PSNC applies High Performance Computing (HPC) simulations to predict the energy produced by renewable energy sources (RES). It requires reliable, time-constrained, but also cost-effective execution. In the workflow developed by PSNC, the idea is to combine global models’ forecasts with local weather simulations using the EULAG model. Data obtained from mesoscale forecasts is put into separate numerical model suitable for predictions at local scale. Initial data with resolution of several kilometers is supplemented with topography data, which are much denser (horizontal resolution of the order of meters). It allows to simulate local weather with denser computational mesh, also in vertical direction. In addition to this, the simulation produces results with smaller time intervals compared to the mesoscale models. The proposed use case can therefore serve in a twofold way. For the existing wind turbines, the simulation provides a more detailed weather forecast to maximize the outcome of the power plant. For not-yet existing plants, this scenario may help in finding the most optimal localization of the wind turbines to maximize benefit from local topography and weather conditions. The first approach has been already used in cooperation with large Polish DSO.

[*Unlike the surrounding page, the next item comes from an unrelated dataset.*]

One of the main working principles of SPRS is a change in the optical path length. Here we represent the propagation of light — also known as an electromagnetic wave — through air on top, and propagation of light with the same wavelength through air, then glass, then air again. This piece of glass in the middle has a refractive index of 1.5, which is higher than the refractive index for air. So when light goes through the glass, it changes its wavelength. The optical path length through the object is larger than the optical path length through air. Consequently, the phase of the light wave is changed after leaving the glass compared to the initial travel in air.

It is estimated that more than one billion people are exposed to outdoor air pollution annually, which is linked to up to one million premature deaths and one million pre-native deaths each year. Increased air pollution in major cities is caused by rapid urbanization, especially in developing countries. Air pollution in urban areas comes from manufacturing market, in-house thermal appliances, power plants, though 90% is attributed to vehicle emissions brought by high number of older vehicles and poor vehicle maintenance. In order to improve the quality of life in such polluted urban environments, it is important to monitor and predict the air quality.

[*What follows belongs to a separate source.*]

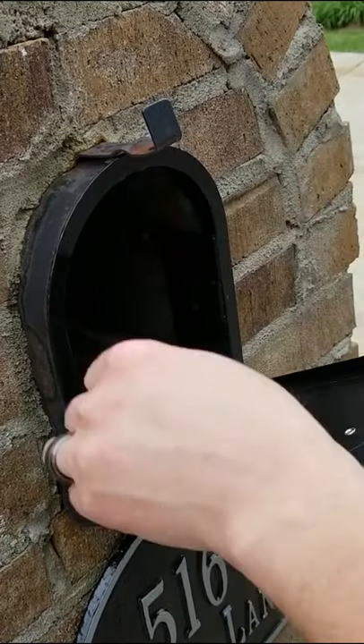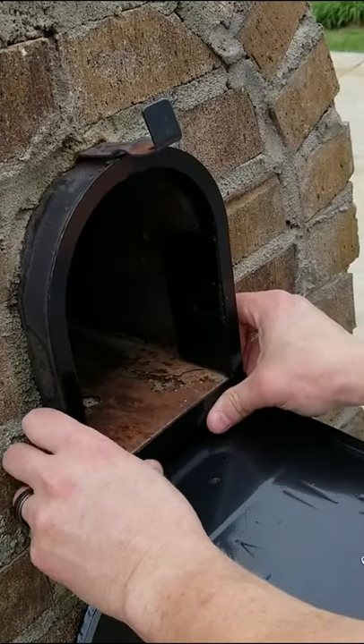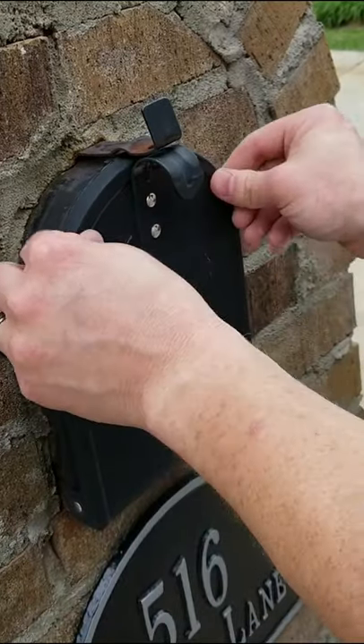I'll go over the pros and cons of this product. First, it does refresh the look of your mailbox — it looks nice. Second, it's easy to do. You don't have to tear the mailbox apart.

PSNC simulations software uses HPC simulations to predict and forecast air quality in urban areas, modelling NOx, SOx, PM2.5 and PM10 concentrations in particular. The EULAG model allows different scales to be modeled, taking into account:
- Weather conditions, including forecasts;
- Different emission types: point, line, area, including vehicle types, emission based on land cover;
- Complex urban topography;
- Season differentiation.
The hiqh-quality, advanced visualization is applied to present the simulation results (figure above).

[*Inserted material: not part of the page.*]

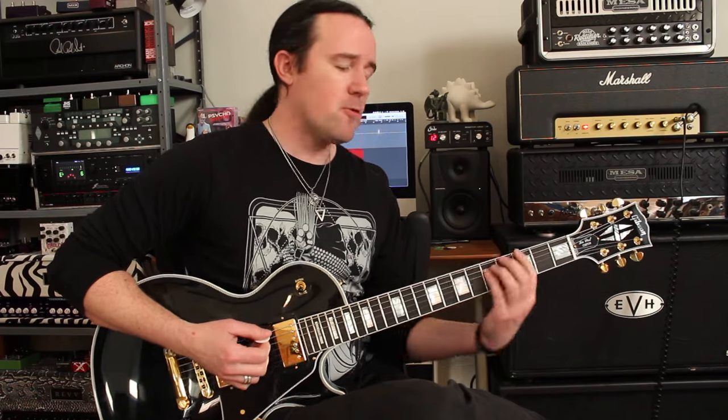Power chords typically come in those two-note and three-note varieties that we all know. But the thing about those grips is if you don't know how to control them, the unused strings can ring out and cause you a lot of pain and suffering. The secret is learning how to control and mute all the other strings that aren't in the power chord — we're going to mute out every note that we don't want the listener to hear.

The main goal of PSNC in the project is to ensure reliable and in-time (but also efficient) air quality modeling and execution of energy production prediction in order to allow fine-grained optimization in future smart grids. This could be combined with power grid simulations available in the consortium. In order to achieve this, numerical weather prediction model has to run in an environment that is capable of providing results within given time constraints with respect to the reliability: possible hardware failures, quality of the results, different accelerators being used, different priorities of the jobs running in the same environment etc.
 Dykes, Katherine et al., “Enabling the SMART Wind Power Plant of the Future Through Science-Based Innovation”, National Renewable Energy Laboratory (NREL), Golden, CO (United States), 2017.